Über uns die Sterne
Wettbewerbsbeitrag von Annky, 15 Jahre
Heute:
Ich habe mich schon sehr früh in die Sterne verliebt. Ich kann aber nicht mehr genau sagen, wann. Vielleicht, als mein Vater mir die leuchtenden Klebesterne über mein Bett gehangen hat und meinte: „Damit du immer nach den Sternen greifen kannst.“ Ich war immer schon mit meinem Kopf lieber über den Wolken, als unten auf der Erde, wo ich zuhören sollte, was man mir so Wichtiges mitzuteilen hatte.
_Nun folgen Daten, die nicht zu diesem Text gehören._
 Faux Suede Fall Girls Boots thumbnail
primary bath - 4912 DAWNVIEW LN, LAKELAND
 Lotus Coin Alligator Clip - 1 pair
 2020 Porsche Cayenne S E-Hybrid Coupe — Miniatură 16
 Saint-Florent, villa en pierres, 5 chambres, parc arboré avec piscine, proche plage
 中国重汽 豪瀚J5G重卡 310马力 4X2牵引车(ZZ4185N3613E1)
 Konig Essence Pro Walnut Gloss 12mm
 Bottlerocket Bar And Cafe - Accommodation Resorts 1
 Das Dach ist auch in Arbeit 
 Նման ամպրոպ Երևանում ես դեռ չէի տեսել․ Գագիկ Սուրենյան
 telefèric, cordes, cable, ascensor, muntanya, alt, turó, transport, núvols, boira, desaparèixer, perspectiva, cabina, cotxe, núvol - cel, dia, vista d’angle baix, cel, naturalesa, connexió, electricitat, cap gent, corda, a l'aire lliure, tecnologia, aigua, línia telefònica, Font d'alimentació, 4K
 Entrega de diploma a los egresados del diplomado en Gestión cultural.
Und heute stehe ich endlich hier. Inmitten der anderen, die es geschafft haben, einen der begehrten Plätze zu ergattern, um tatsächlich die Möglichkeit zu bekommen, ins All zu fliegen. Der Weg hierhin war schwer, eine Frau, die ins Weltall fliegen möchte? Unvorstellbar. Man hat mir geraten, einen sicheren Weg zu gehen. Aber gehen war für mich nie eine Option. Ich wollte immer nur schweben. In der Schwerelosigkeit sein und mich voll und ganz der Wissenschaft widmen.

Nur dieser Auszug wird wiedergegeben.